Re: [PATCH 1/7] block: use legacy path for flush requests for MQ with a scheduler

Jens Axboe <axboe@xxxxxx> · Mon, 5 Dec 2016 12:35:03 -0700

On 12/05/2016 12:22 PM, Ming Lei wrote:
> On Tue, Dec 6, 2016 at 1:09 AM, Jens Axboe <axboe@xxxxxx> wrote:
>> On 12/05/2016 10:00 AM, Ming Lei wrote:
>>> On Sat, Dec 3, 2016 at 11:15 AM, Jens Axboe <axboe@xxxxxx> wrote:
>>>> No functional changes with this patch, it's just in preparation for
>>>> supporting legacy schedulers on blk-mq.
>>>>
>>>> Signed-off-by: Jens Axboe <axboe@xxxxxx>
>>>> ---
>>>>  block/blk-core.c  |  2 +-
>>>>  block/blk-exec.c  |  2 +-
>>>>  block/blk-flush.c | 26 ++++++++++++++------------
>>>>  block/blk.h       | 12 +++++++++++-
>>>>  4 files changed, 27 insertions(+), 15 deletions(-)
>>>>
>>>> diff --git a/block/blk-core.c b/block/blk-core.c
>>>> index 3f2eb8d80189..0e23589ab3bf 100644
>>>> --- a/block/blk-core.c
>>>> +++ b/block/blk-core.c
>>>> @@ -1310,7 +1310,7 @@ static struct request *blk_old_get_request(struct request_queue *q, int rw,
>>>>
>>>>  struct request *blk_get_request(struct request_queue *q, int rw, gfp_t gfp_mask)
>>>>  {
>>>> -       if (q->mq_ops)
>>>> +       if (blk_use_mq_path(q))
>>>>                 return blk_mq_alloc_request(q, rw,
>>>>                         (gfp_mask & __GFP_DIRECT_RECLAIM) ?
>>>>                                 0 : BLK_MQ_REQ_NOWAIT);
>>>
>>> Another way might be to use mq allocator to allocate rq in case of mq_sched,
>>> such as: just replace mempool_alloc in __get_request() with
>>> blk_mq_alloc_request(), in this way, it should be possible to
>>> avoid one extra rq allocation in blk_mq_sched_dispatch(), and keep mq's benefit
>>> of rq preallocation, which can avoid to hold queue_lock during the
>>> allocation too.
>>
>> One problem with the MQ rq allocation is that it's tied to the device
>> queue depth.
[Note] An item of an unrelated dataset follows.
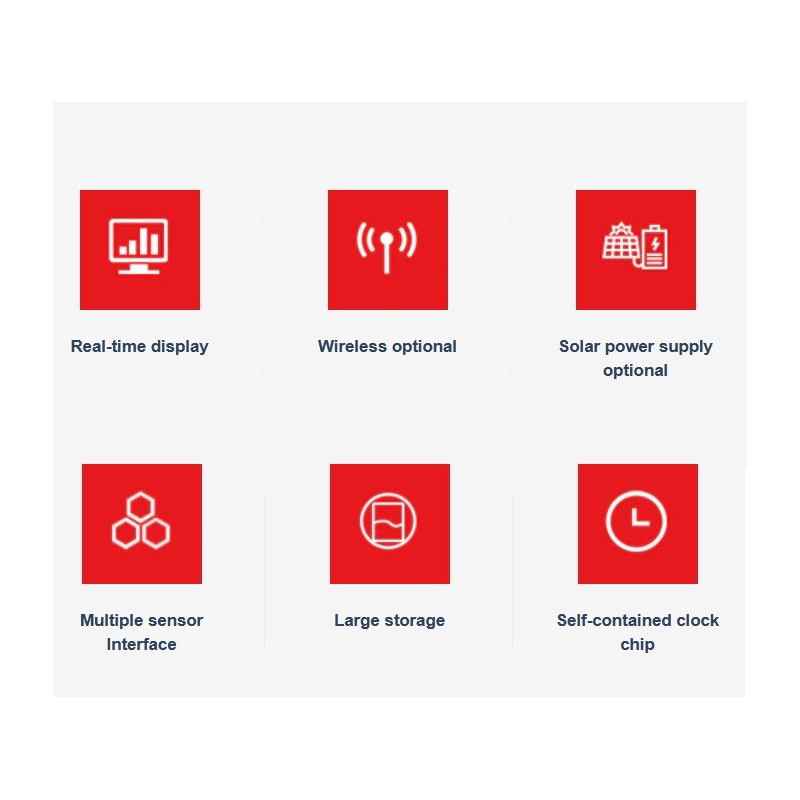RK600-07B Registrador de datos para Estación Meteorológica Automática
This is a problem for scheduling, since we want to have a
>> larger pool of requests that the IO scheduler can use, so that we
>> actually have something that we can schedule with. This is a non-starter
>> on QD=1 devices, but it's also a problem for SATA with 31 effectively
>> usable tags.
>>
>> That's why I split it in two, so we have the "old" requests that we hand
>> to the scheduler. I know the 'rq' field copy isn't super pretty, though.
> 
> OK, got it, thanks for your explanation.
> 
> So could we fall back to mempool_alloc() for allocating rq with mq
> size if MQ rq allocator fails? Then in this way the extra rq allocation
> in blk_mq_alloc_request() may be killed.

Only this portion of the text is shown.